DIRECTIONS: Print the listing as it stands, omitting all images.

DATA SEGMENT:
┄┄┄┄┄┄┄┄┄┄

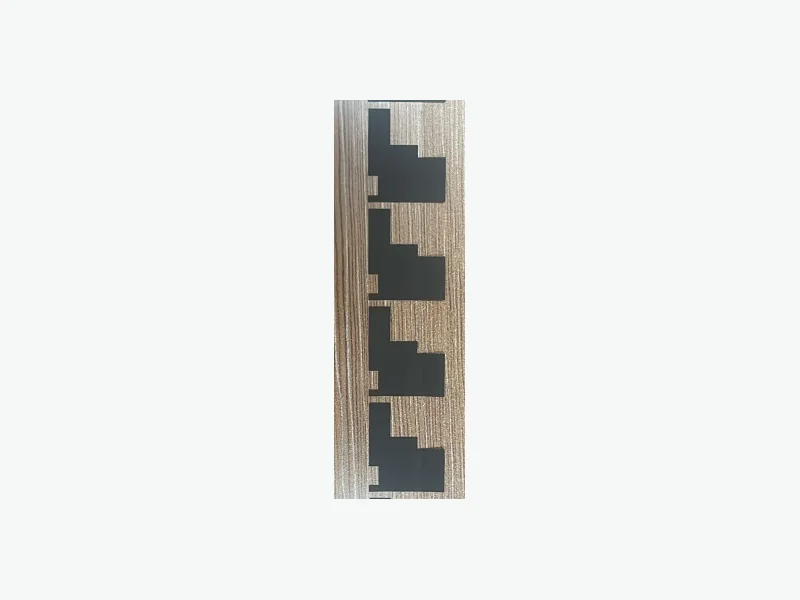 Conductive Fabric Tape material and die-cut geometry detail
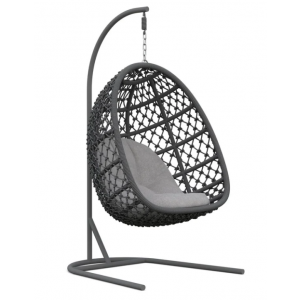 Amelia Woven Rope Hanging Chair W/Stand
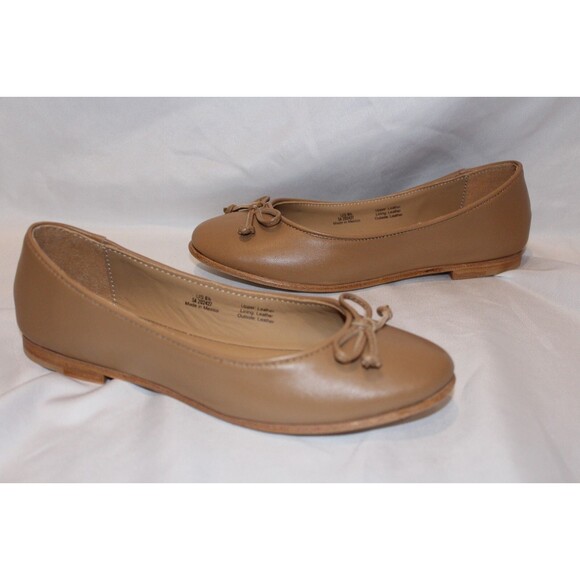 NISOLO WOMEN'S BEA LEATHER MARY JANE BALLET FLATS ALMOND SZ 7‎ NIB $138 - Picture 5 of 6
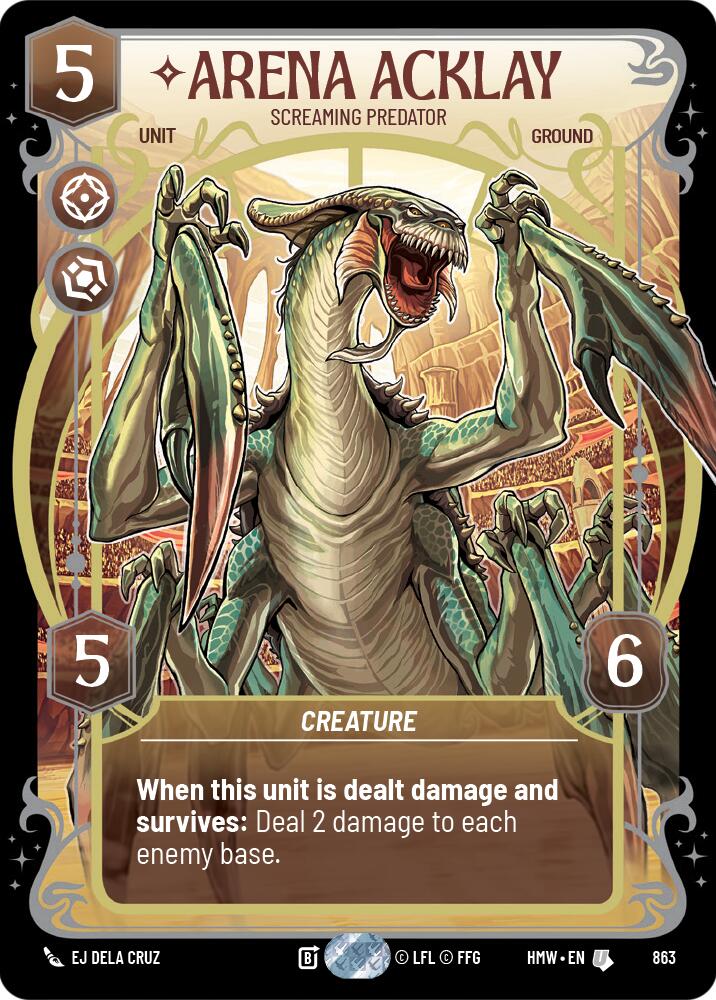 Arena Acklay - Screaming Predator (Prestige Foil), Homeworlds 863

┄┄┄┄┄┄┄┄┄┄

TASK ANSWER:
 Conductive Fabric Tape material and die-cut geometry detail
 Amelia Woven Rope Hanging Chair W/Stand
 NISOLO WOMEN'S BEA LEATHER MARY JANE BALLET FLATS ALMOND SZ 7‎ NIB $138 - Picture 5 of 6
 Arena Acklay - Screaming Predator (Prestige Foil), Homeworlds 863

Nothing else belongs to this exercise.